Canadian Tax Tips for Divorce

Divorce can be extremely stressful for a couple.  The following tax saving tips will ease your financial burdens and life transition.
  • Update your CRA with your marital status.

A single parent income will likely increase your Canada child benefit amount.

  • Choose the asset with the highest after-tax value.

While assets such as RRSP’s are fully taxable, you can benefit from keeping the family home which has a 0% tax rate through claiming the principle residence exception.

  • Separate ownership property.

In the case that you and your partner own two properties, allocating one property to each of you means you can both take advantage of principle residence exception. 

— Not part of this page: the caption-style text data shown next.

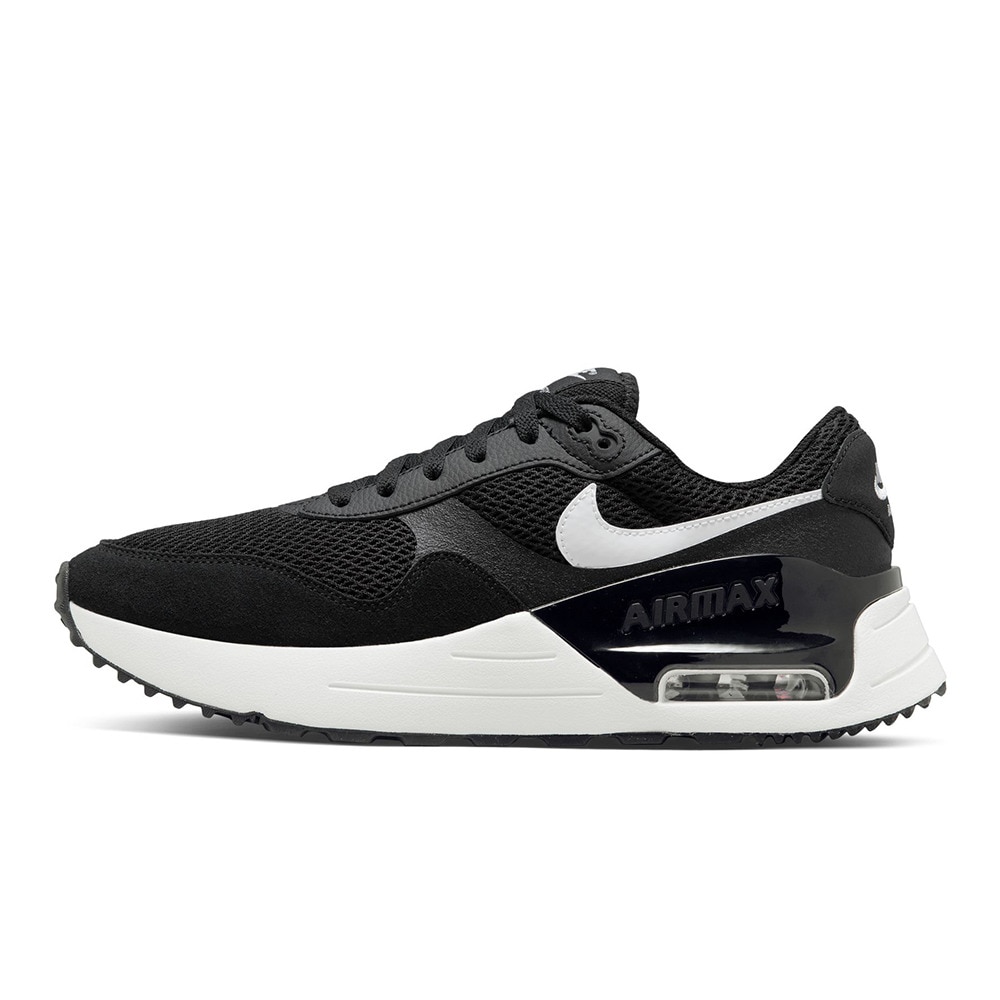 ナイキ（NIKE）（メンズ）スニーカー エア マックス システム ブラック DM9537-001 スポーツシューズ カジュアル おしゃれ 通勤 通学  運動靴 クッション性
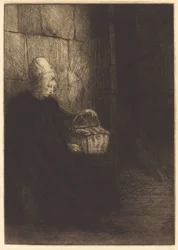 Bäuerin aus Boulogne (La femme au panier)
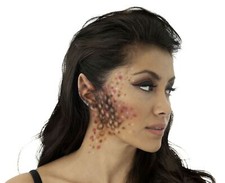 Woochie Small Elf Space Ear Tips Latex Prosthetics Spock Ears Pro Stage Makeup
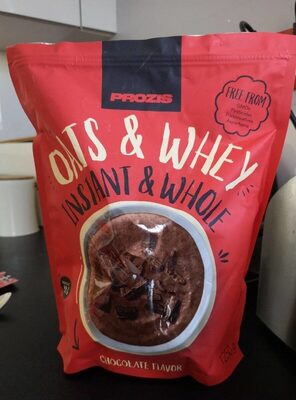 Oats & whey chocolate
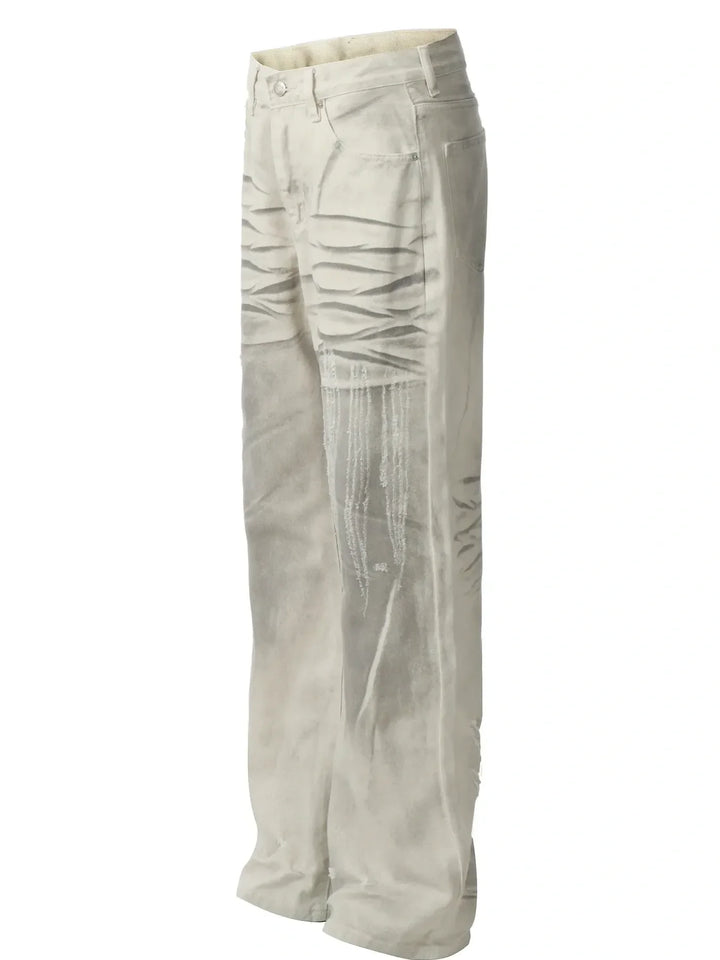 Men's Vintage washed Jeans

  •  Avoid cashing in RRSP.

Instead, take advantage of a rule in the income tax act which allows for a transfer of RRSP with no tax consequences to your partner in case of a marriage breakdown.

  • Claim the eligible dependent tax credit.

If you have children through a joint custody, one spouse is to claim this credit.

  •  Claim tax deductions on certain legal fees.

Certain legal fees such as collection of support payments are deductible on your personal tax return.

  • Claim tax deductions on certain support amount

Although the general rule for a support amount to be deducted is that it must be paid directly to the recipient, some payments for certain expenditure can also be deducted if certain criteria are met. For example, you might be able to deduct property tax or insurance payments on the family home from your income.